DATA SHOWN ▸
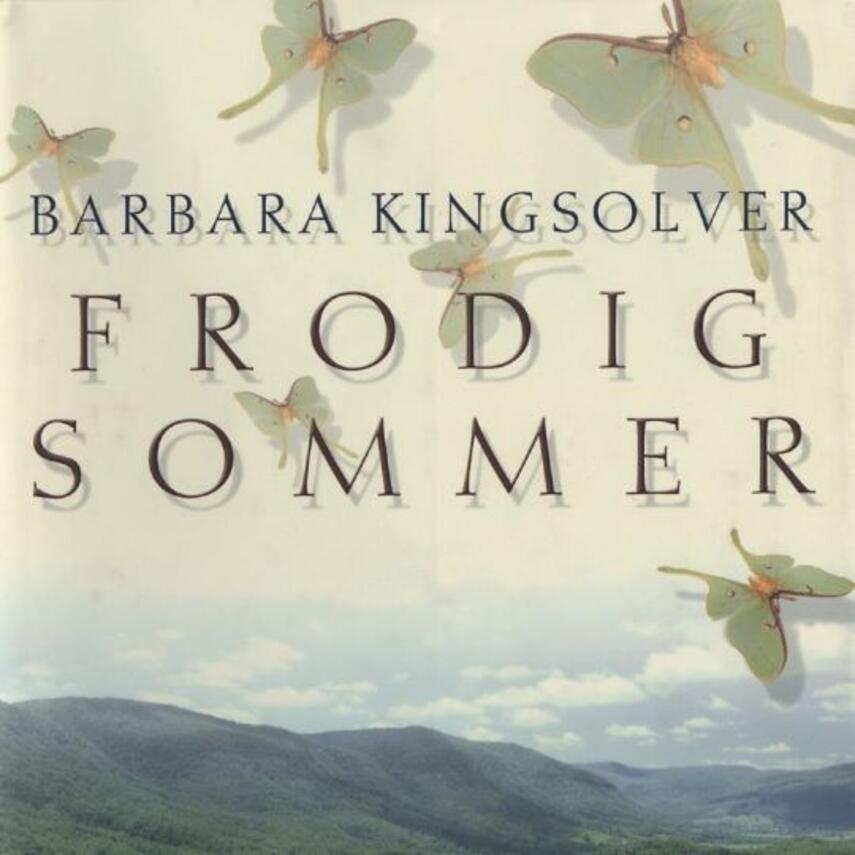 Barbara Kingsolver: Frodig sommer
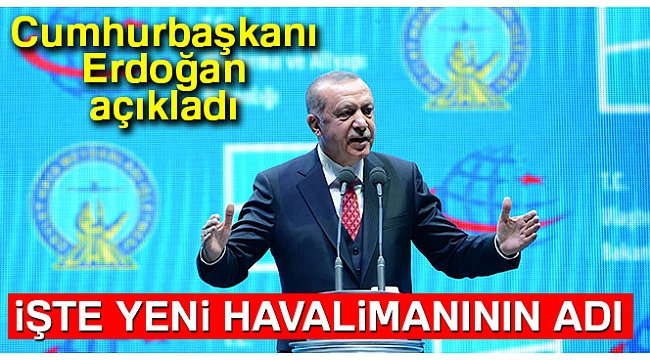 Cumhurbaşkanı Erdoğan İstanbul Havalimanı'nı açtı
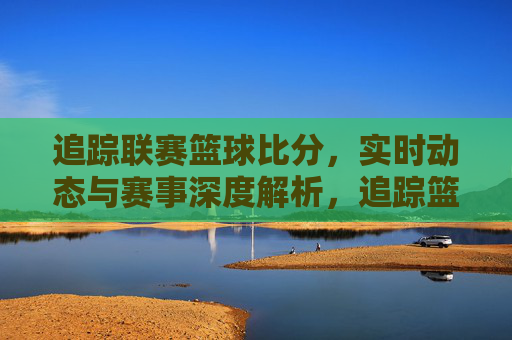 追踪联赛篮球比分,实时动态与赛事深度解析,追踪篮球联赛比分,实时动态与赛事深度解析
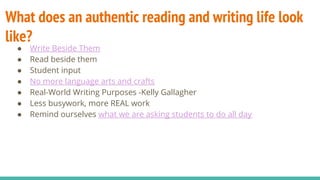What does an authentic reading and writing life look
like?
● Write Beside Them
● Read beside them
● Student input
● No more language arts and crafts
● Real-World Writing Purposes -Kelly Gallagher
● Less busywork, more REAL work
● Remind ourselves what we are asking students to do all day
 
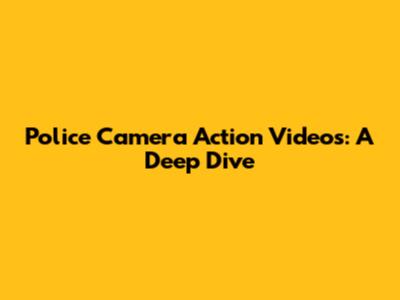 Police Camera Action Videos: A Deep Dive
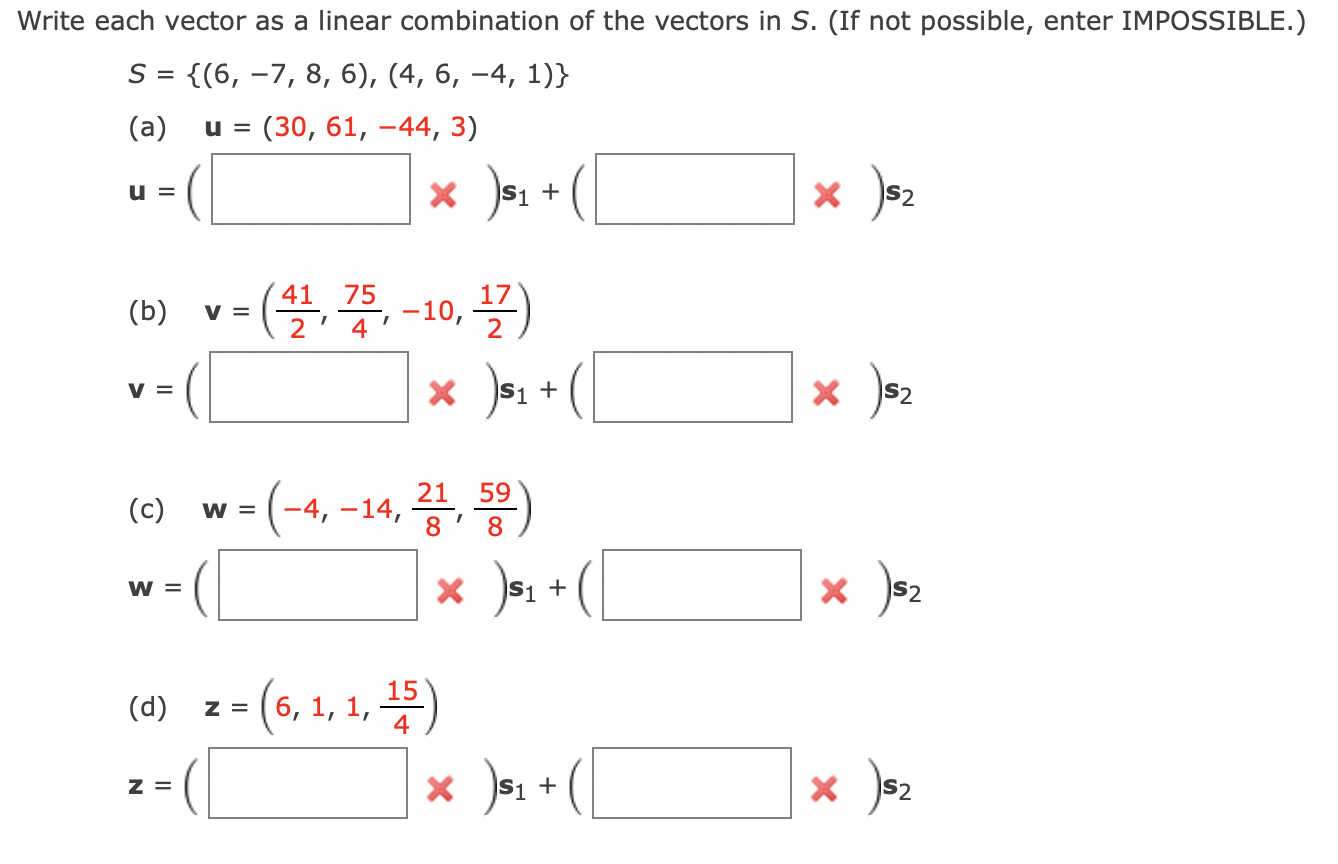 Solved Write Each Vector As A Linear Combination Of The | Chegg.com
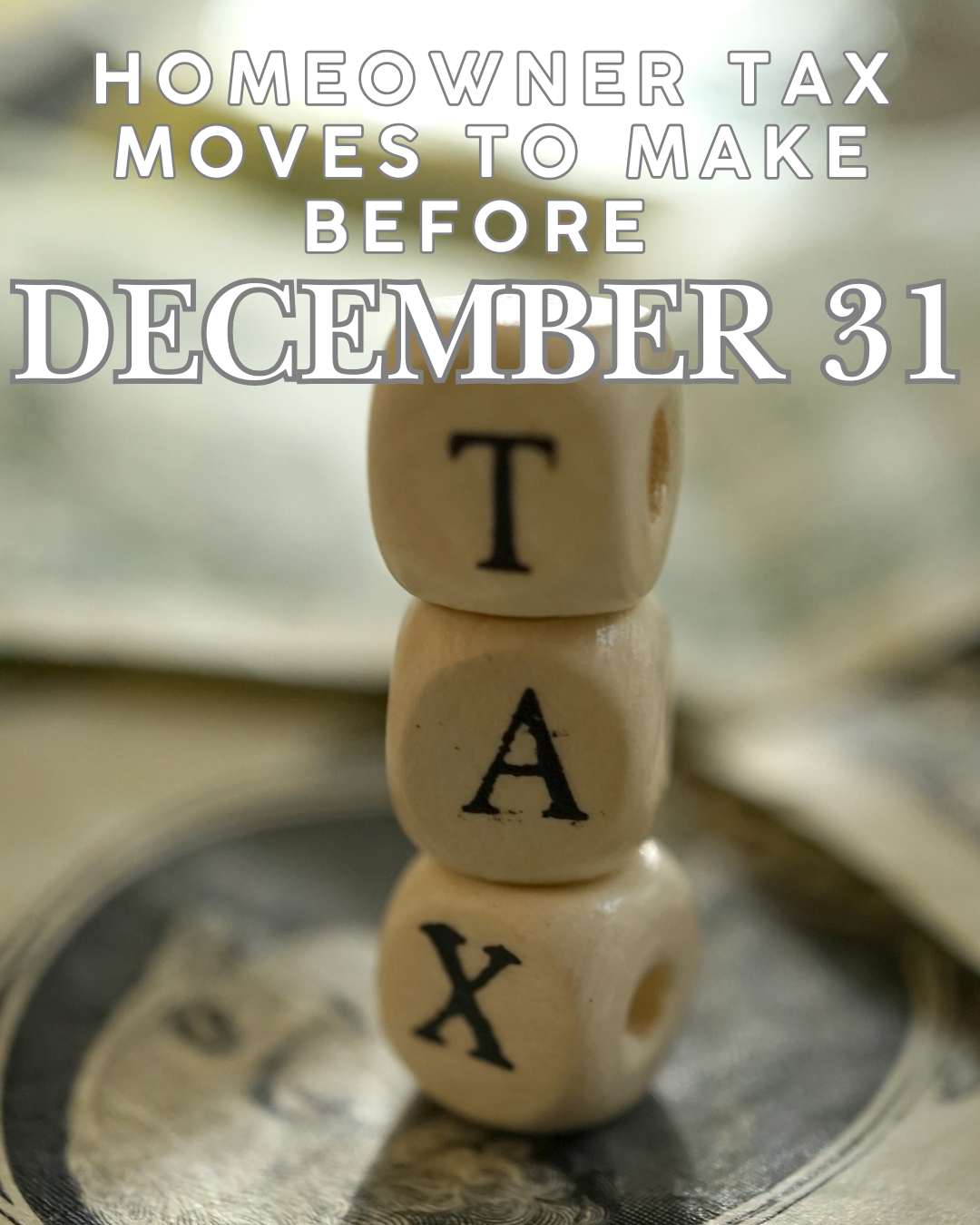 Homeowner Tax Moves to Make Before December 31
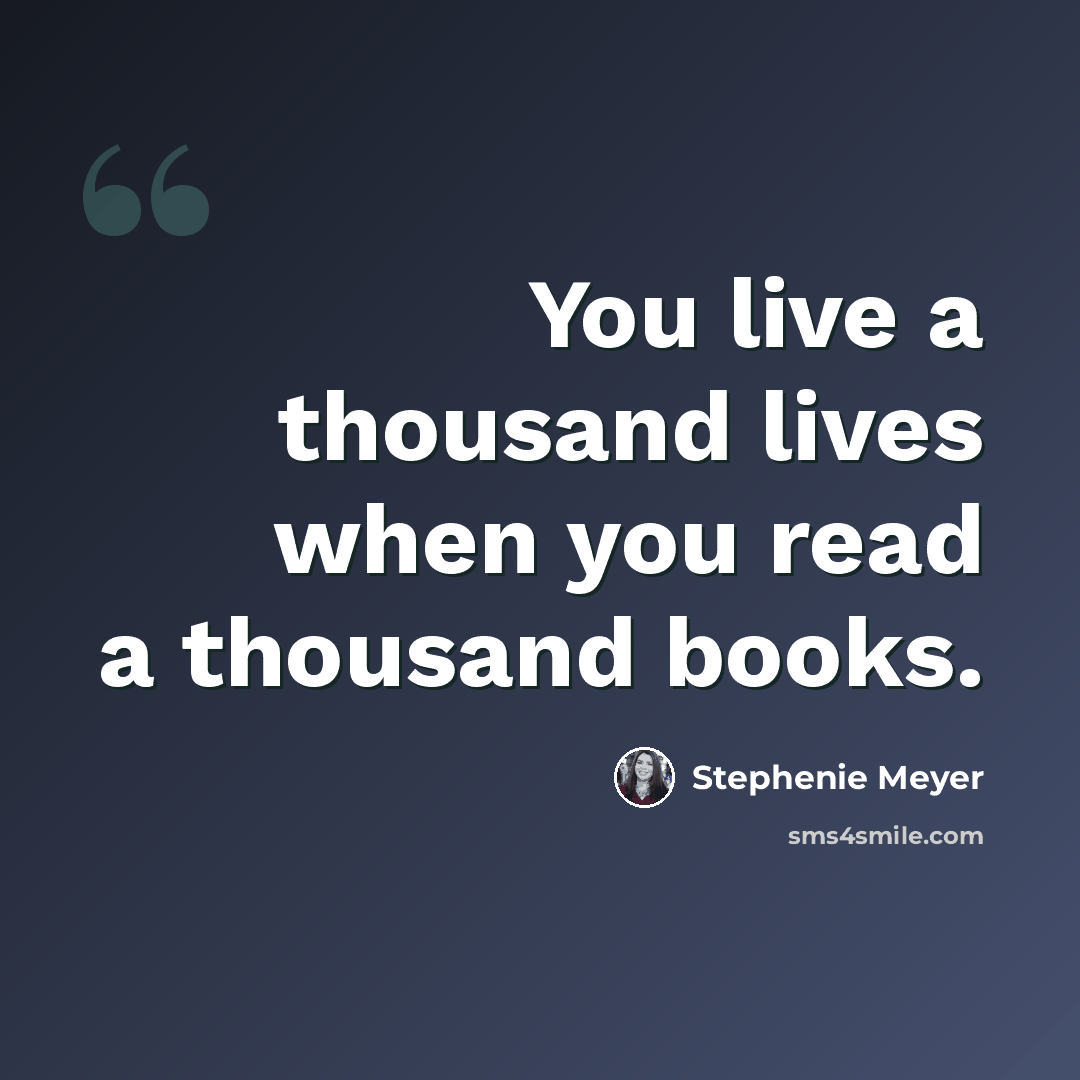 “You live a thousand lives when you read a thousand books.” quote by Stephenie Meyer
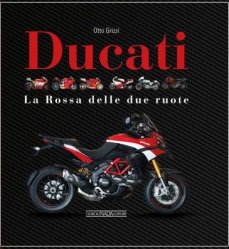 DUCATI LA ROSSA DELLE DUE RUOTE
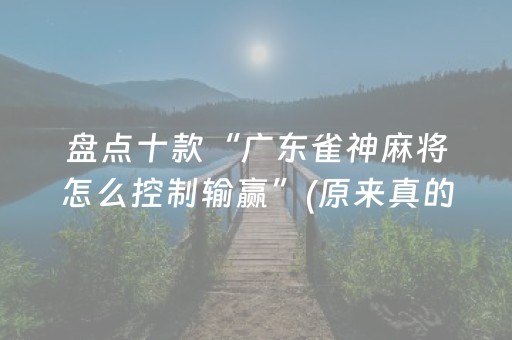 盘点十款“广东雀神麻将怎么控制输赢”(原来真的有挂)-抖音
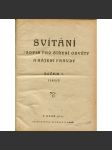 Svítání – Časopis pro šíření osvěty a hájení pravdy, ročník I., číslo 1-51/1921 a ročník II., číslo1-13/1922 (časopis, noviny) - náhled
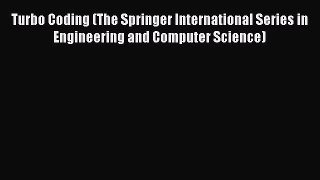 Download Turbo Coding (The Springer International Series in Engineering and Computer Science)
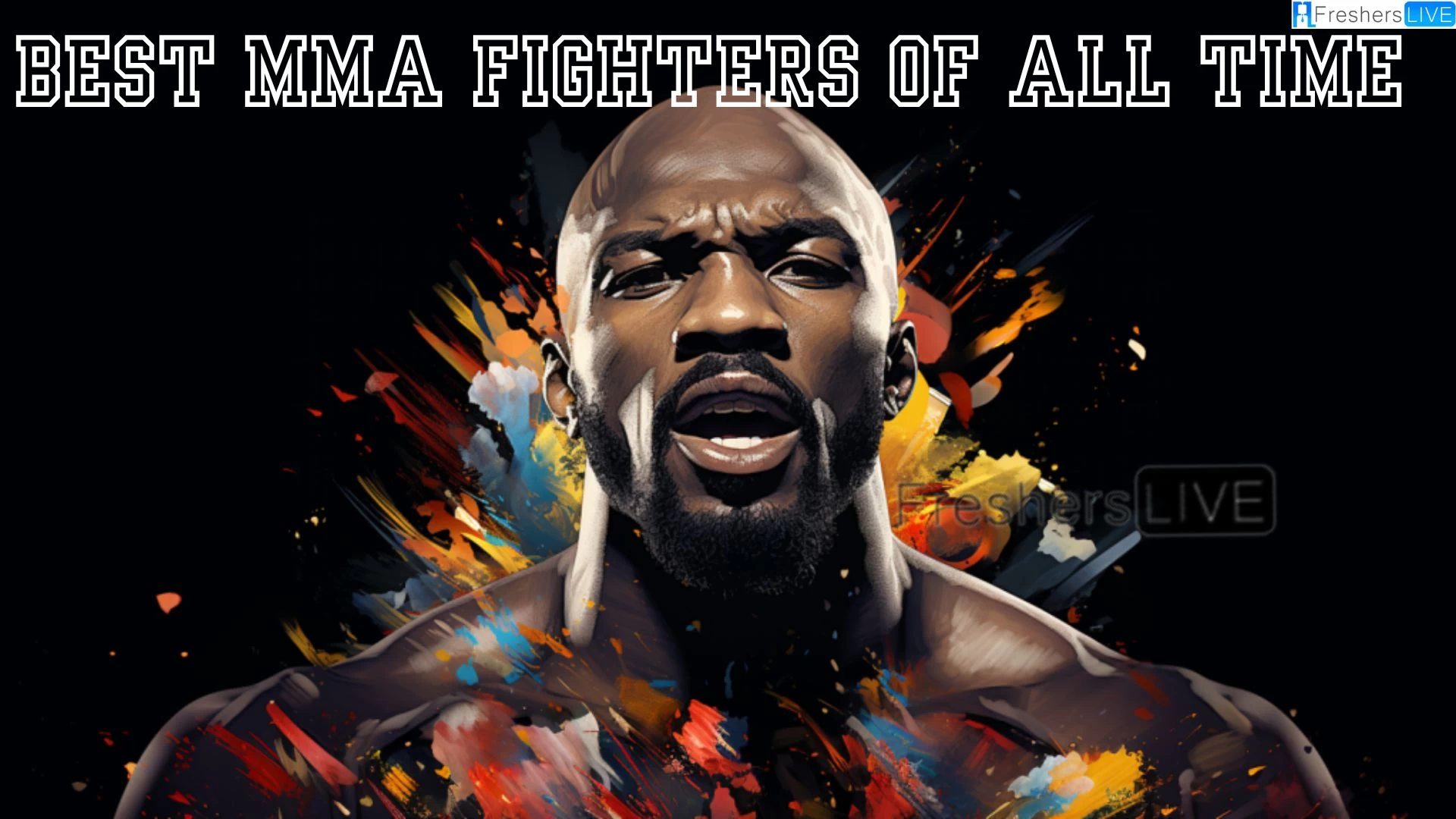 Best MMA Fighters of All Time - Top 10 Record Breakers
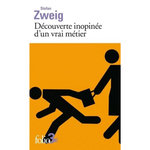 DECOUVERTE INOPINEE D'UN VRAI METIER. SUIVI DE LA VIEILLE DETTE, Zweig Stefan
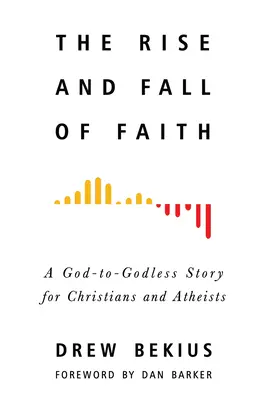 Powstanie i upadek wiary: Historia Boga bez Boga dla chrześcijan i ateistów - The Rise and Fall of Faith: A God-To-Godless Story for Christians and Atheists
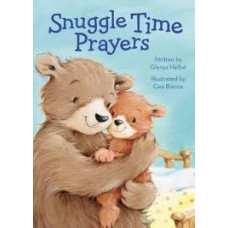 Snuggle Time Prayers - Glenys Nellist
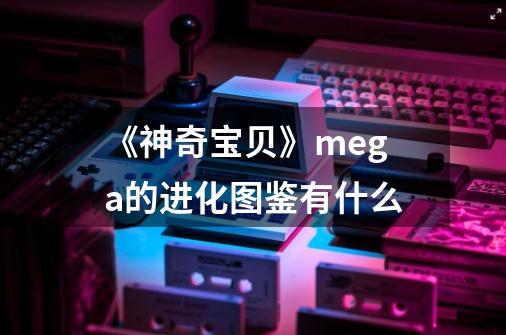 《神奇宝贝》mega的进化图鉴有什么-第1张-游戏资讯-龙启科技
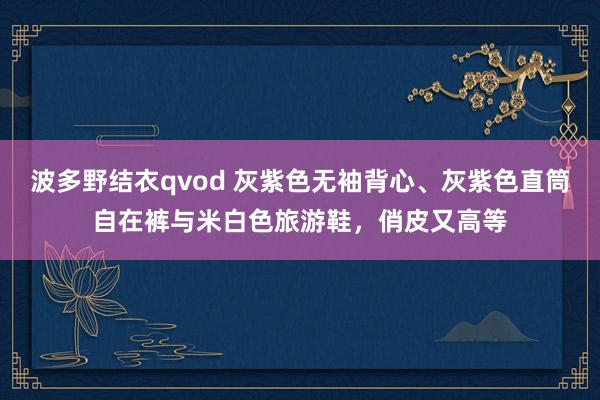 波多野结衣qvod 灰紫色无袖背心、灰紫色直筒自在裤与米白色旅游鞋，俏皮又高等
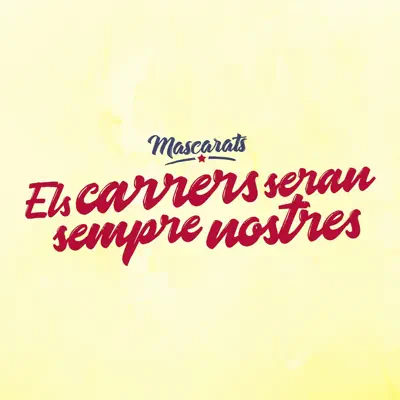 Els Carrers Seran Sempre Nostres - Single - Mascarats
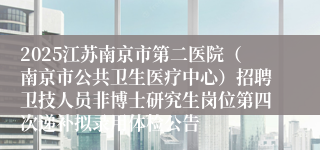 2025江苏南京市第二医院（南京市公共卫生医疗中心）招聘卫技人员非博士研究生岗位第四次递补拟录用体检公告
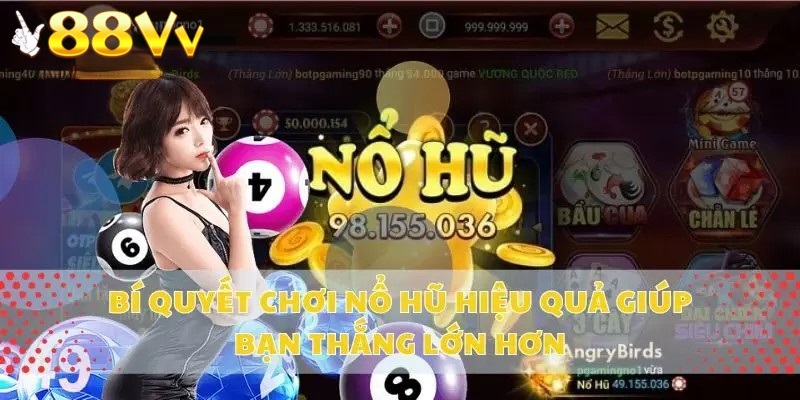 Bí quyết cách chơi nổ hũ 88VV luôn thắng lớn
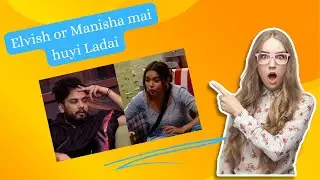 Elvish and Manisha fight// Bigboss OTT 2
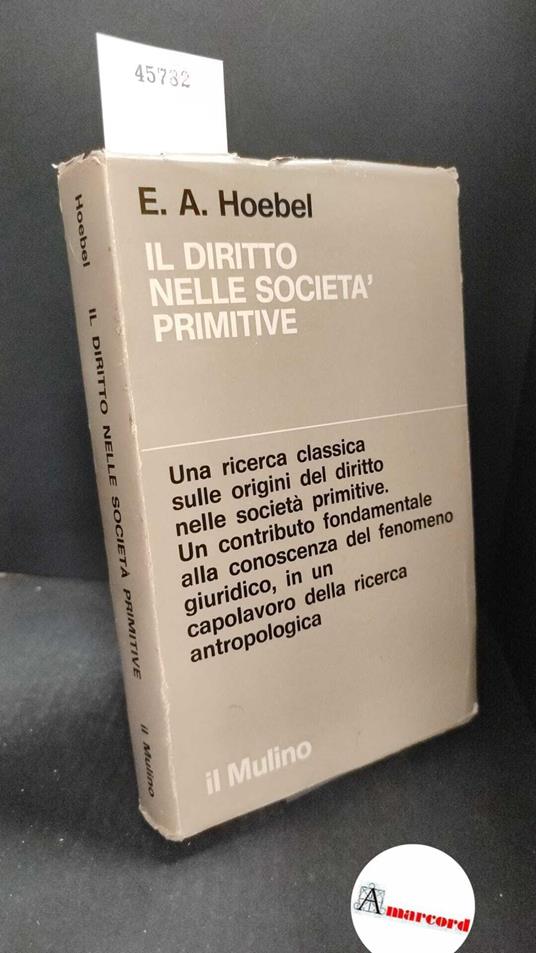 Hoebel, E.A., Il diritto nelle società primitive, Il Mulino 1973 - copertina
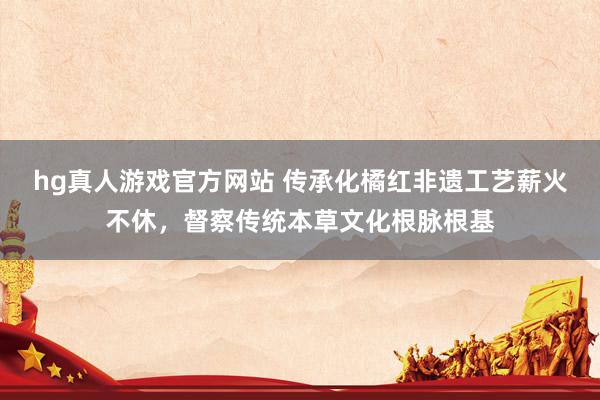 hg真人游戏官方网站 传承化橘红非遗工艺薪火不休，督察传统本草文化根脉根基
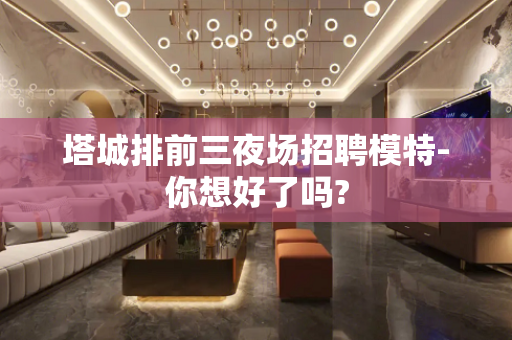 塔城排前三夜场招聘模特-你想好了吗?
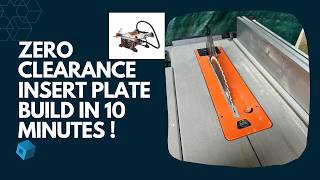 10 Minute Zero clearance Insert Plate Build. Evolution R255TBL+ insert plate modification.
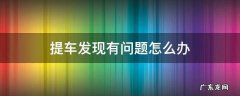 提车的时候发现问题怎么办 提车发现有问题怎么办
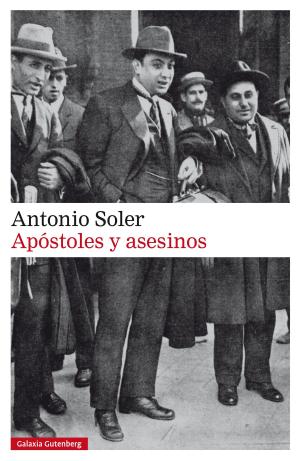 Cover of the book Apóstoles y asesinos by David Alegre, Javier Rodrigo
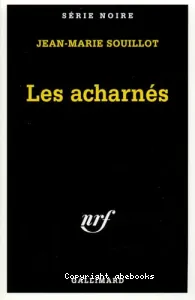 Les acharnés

WHAT THE EXERCISE ASKS ▸
For the listing above, say how many lines hold the word "more". Nothing but the number is needed.

RESPONSE AREA ▸
2